Lors de chaque sinistre de grande ampleur ou de chaque tragédie majeure, comme celle vécue à Laval dans la dernière semaine, la première chose que l’on annonce est la mise en place d’une «cellule de crise» pour offrir du soutien aux gens affectés. Ce que cela signifie concrètement, c’est qu’une véritable opération d’intervention psychosociale a été déclenchée.

Peu importe où l’on se trouve au Québec, si le malheur frappe, c’est le même scénario de départ qui se rejoue en trois actes bien précis. Une procédure conçue par Pierre-Paul Malenfant, aujourd’hui président de l’Ordre des travailleurs sociaux et des thérapeutes conjugaux et familiaux du Québec (OTSTCFQ).

De 2006 à 2018, il a occupé la fonction de conseiller et formateur national au volet psychosocial en contexte de sécurité civile et de mesures d’urgence pour le gouvernement du Québec. Avec son équipe, c’est lui qui a créé le modèle québécois d’intervention. 

Sonner l’alerte

Revenons un peu en arrière un moment pour comprendre la mécanique derrière le déclenchement de l’opération psychosociale. Quand un drame survient, les premiers témoins vont appeler le 9-1-1. Policiers, pompiers et paramédicaux sont alors informés et dépêchés sur place.
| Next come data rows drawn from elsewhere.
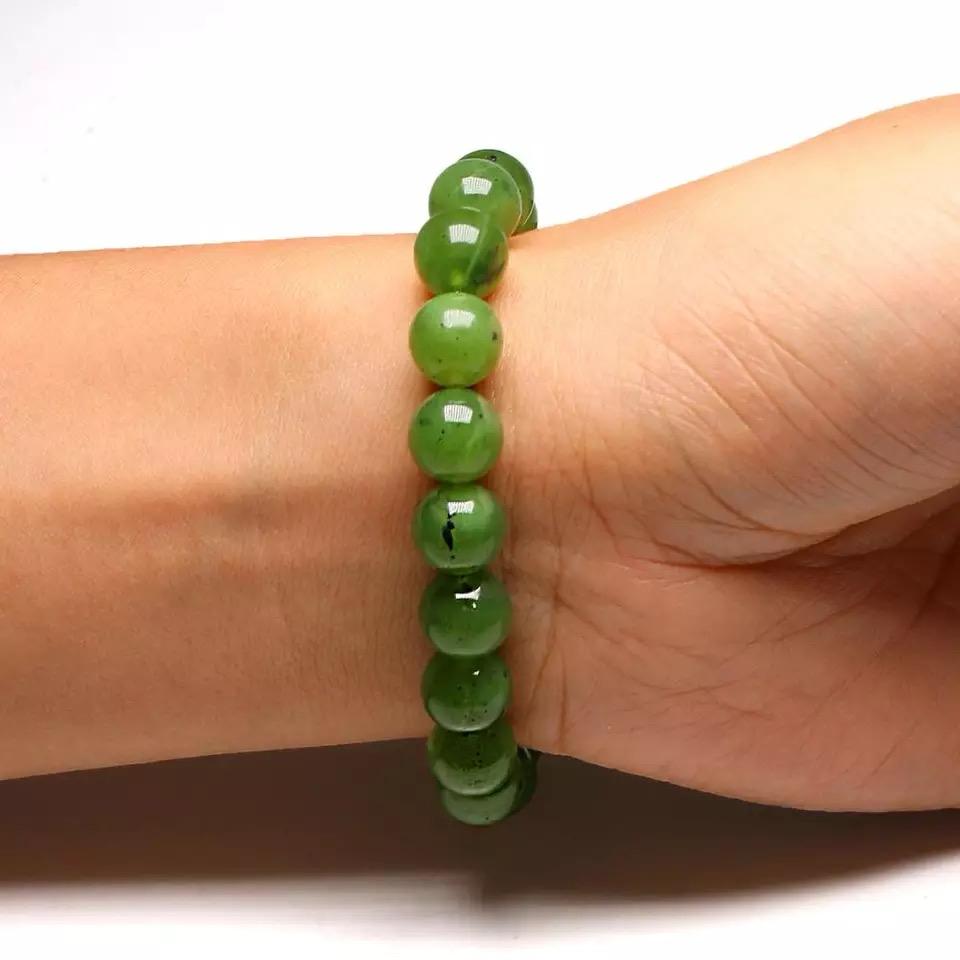Jade Stone Bracelet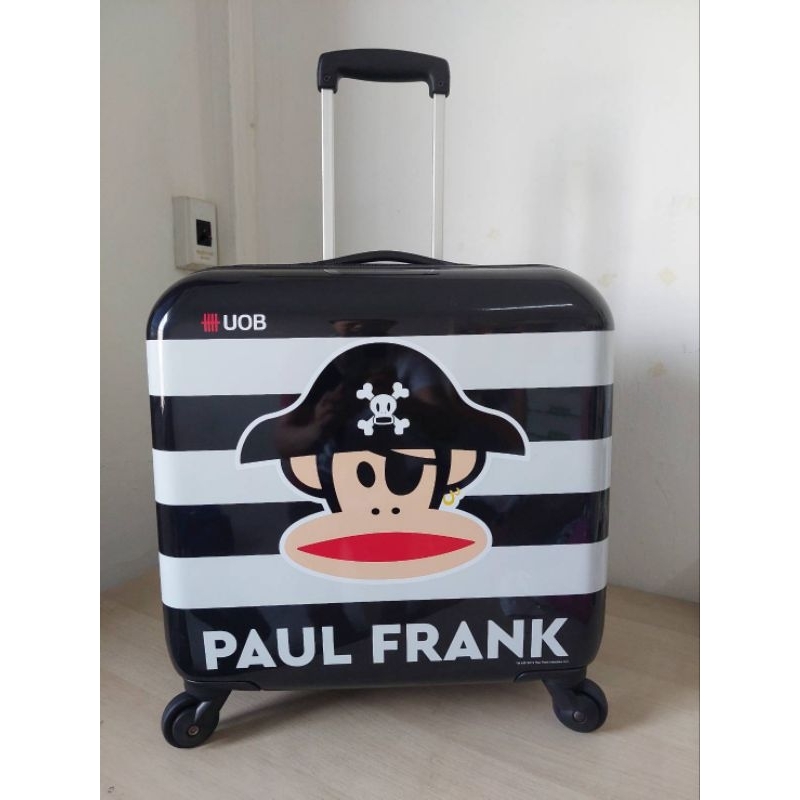 กระเป๋าเดินทาง Paul Frank 17 นิ้ว ของแท้ (Limited Edition by UOB)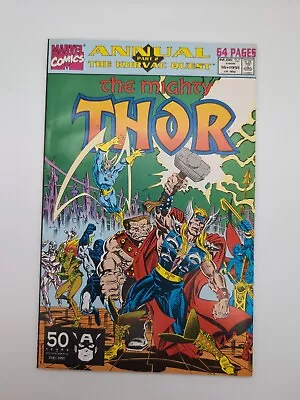 Buy The Mighty Thor Annual #16 • 1.98£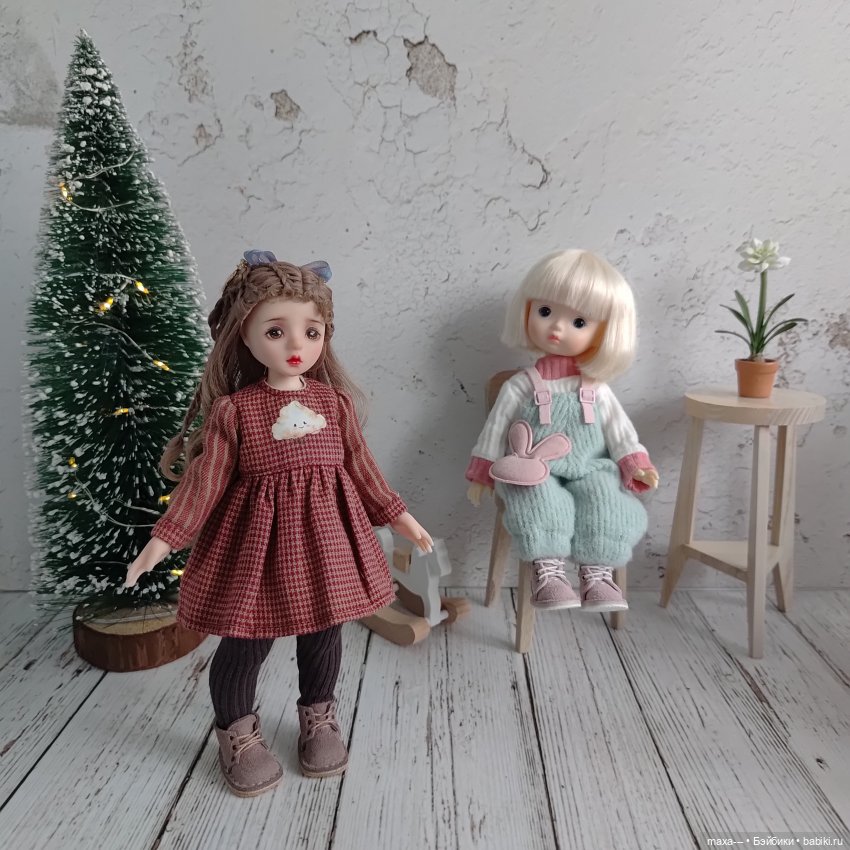 Подарочки — Азиатские виниловые куклы (разное): Китай (фото 8)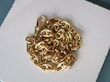 Gold Watch Chain 15ct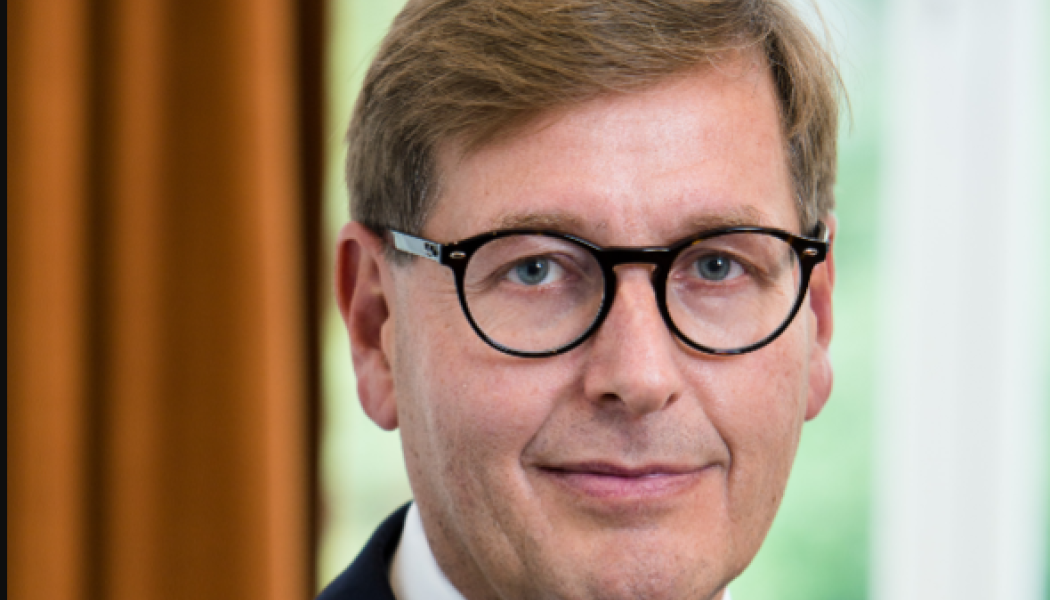 Johan Rosenberg, ansvarig för M&A på PwC. Foto: PwC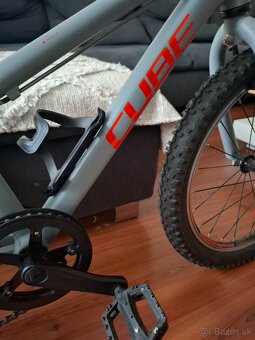 Detsky bicykel CUBE - 5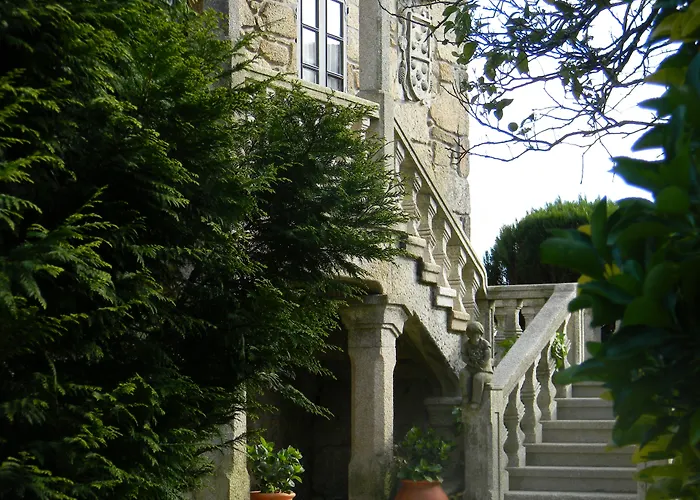 Hotel Pazo Carrasqueira Castrelo 
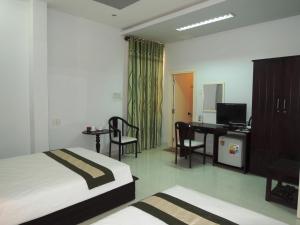 Phòng Deluxe Giường Đôi/2 Giường Đơn (Deluxe Double or Twin Room)
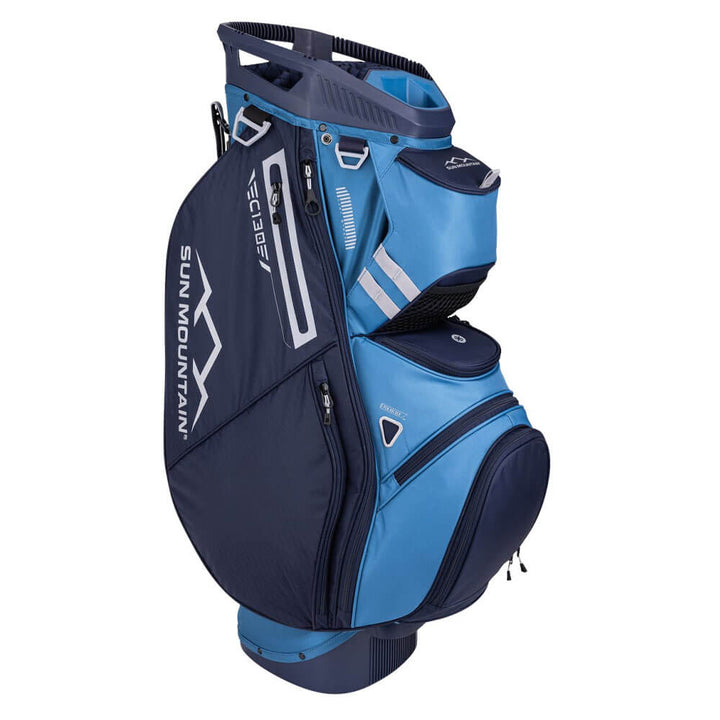 Sun Mountain C-130 5-Way Cart Bag - 25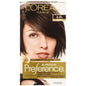 Superior Preference L'Oreal Paris 4 Dark Brown Natural Level 3 Permanent Hair Color, 1 Application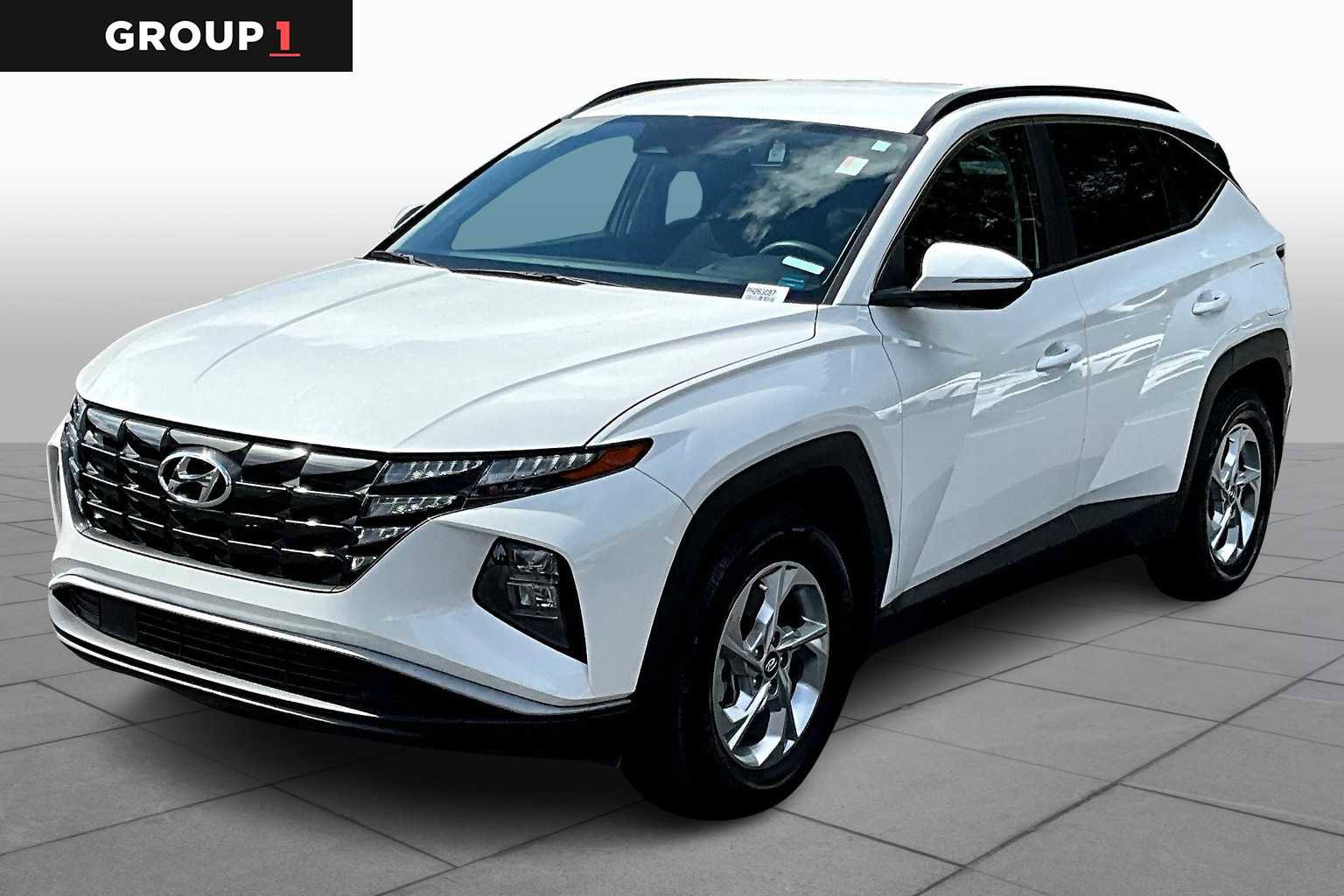 Used 2023 Hyundai Tucson SEL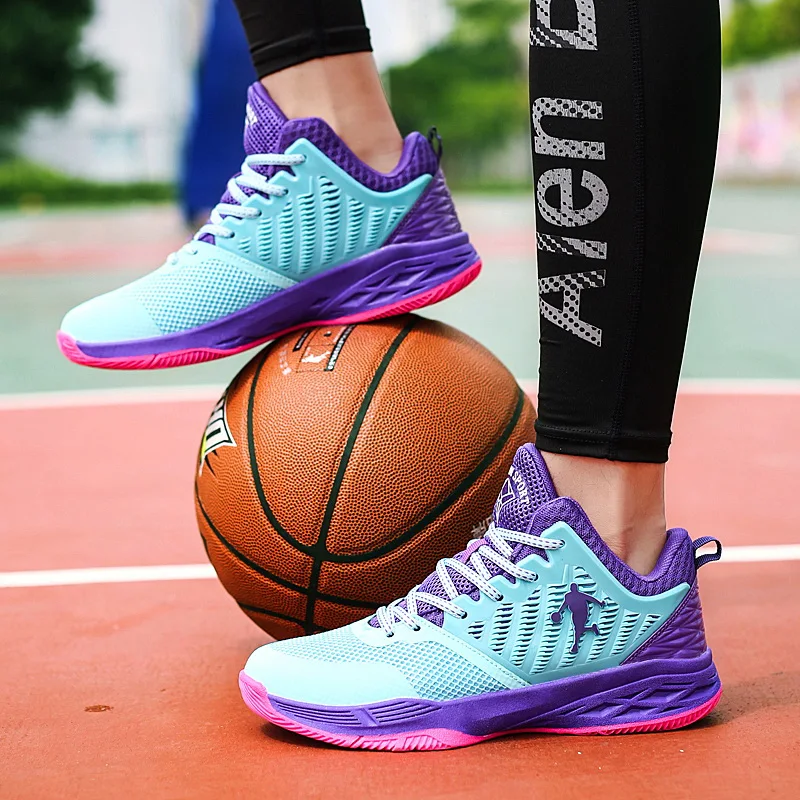 Мужская баскетбольная обувь с сеткой 1 кроссовки высокого качества 13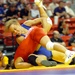 U.S. Army Olympian Competes at 2008 Wrestling Trials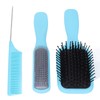 3 Pcs Hair Comb Set Hairdressing Care Styling Comb Set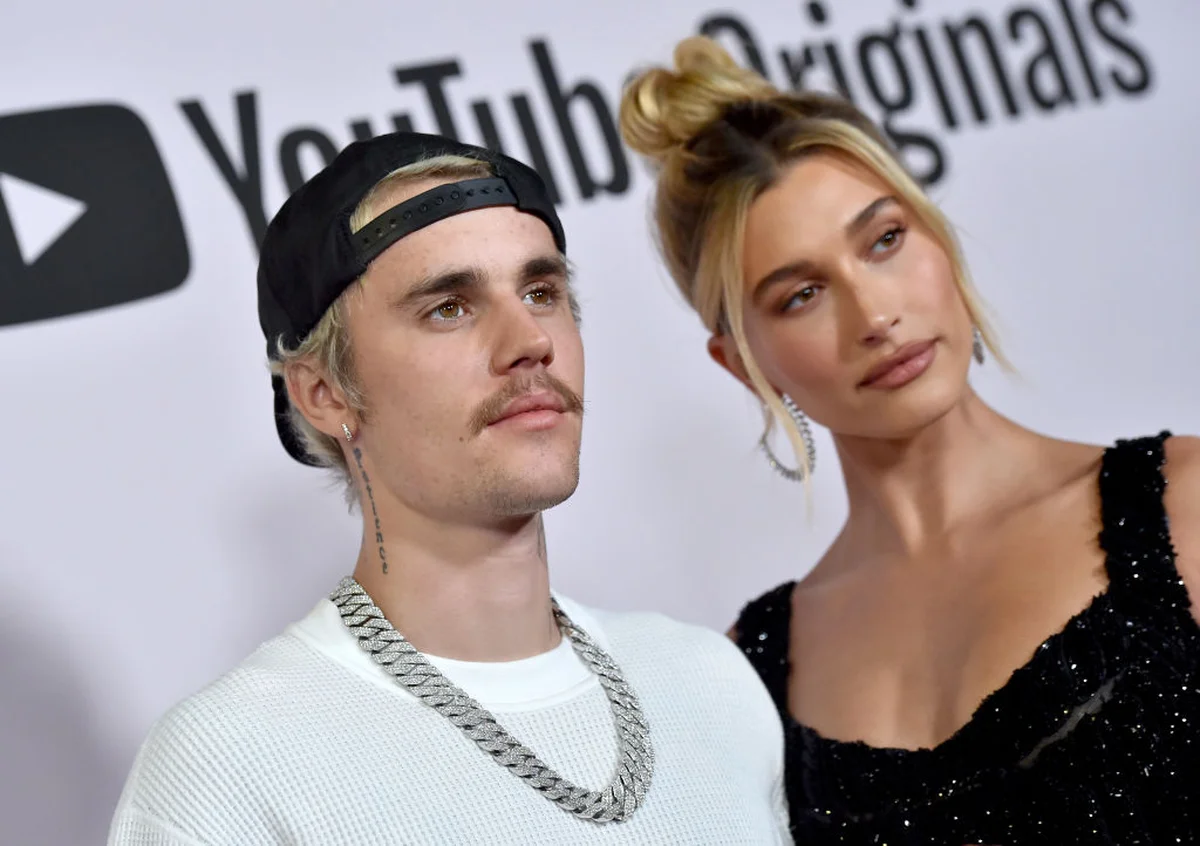 Hailey Bieber ヘイリー・ビーバー Justin Bieber ジャスティン・ビーバー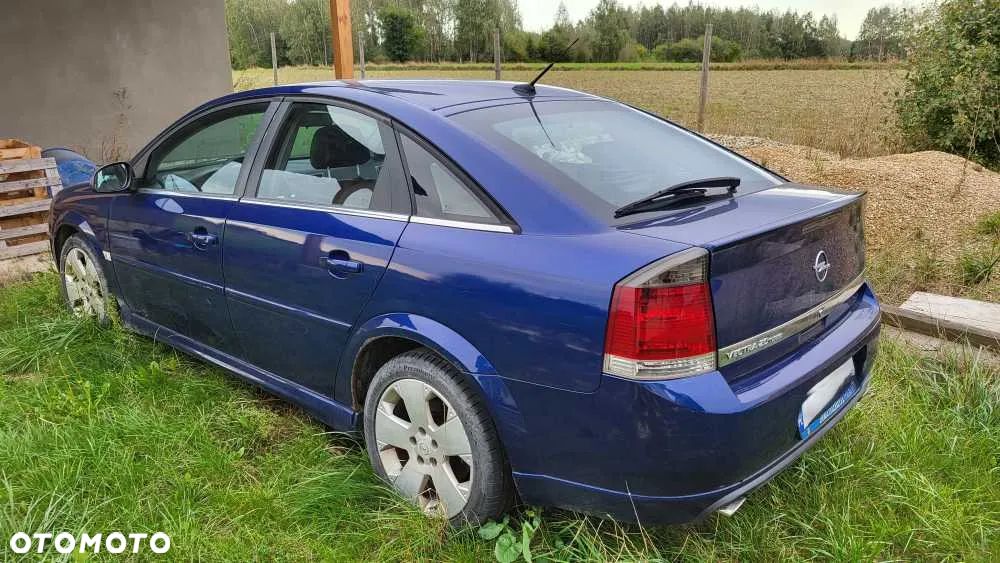 Opel Vectra - 2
Comme les paramédicaux sont des acteurs du milieu de la santé, l’hôpital à proximité de l’événement est informé et si la situation est jugée majeure, il sera mis en code orange, explique M. Malenfant. Ce code orange signifie que plusieurs blessés potentiels pourraient être amenés d’urgence.

En déclenchant ce code orange, l’équipe d’intervention psychosociale est alertée à son tour. Dans chaque centre intégré de santé et de services sociaux (CISSS et CIUSSS), une personne assure la garde et mobilise ses collègues.

Les premières 24 heures

Dès que l’alerte est donnée, des dizaines de psychologues, travailleurs sociaux, psychoéducateurs ou autres spécialistes vont alors tout lâcher pour se coordonner autour de la tragédie.

Il s’agit de la première phase, soit celle de l’intervention immédiate, où l’on gère l’incertitude et où les gestionnaires vont évaluer la situation pour adapter leur réaction en fonction du guide de planification existant.

Certains intervenants se rendent sur les lieux, dans l’incertitude de ce qu’ils vont observer et bien sûr sans se mettre en danger. Comme le décrit Pierre-Paul Malenfant, il faut avoir une perception réaliste de ce qui se passe et de l’état dans lequel sont les gens.

«On commence immédiatement à faire des interventions, mentionne celui qui est lui-même travailleur social. On s’assure que les gens sont en sécurité. On s’assure que les enfants sont en contact avec des adultes significatifs, avec de la famille.»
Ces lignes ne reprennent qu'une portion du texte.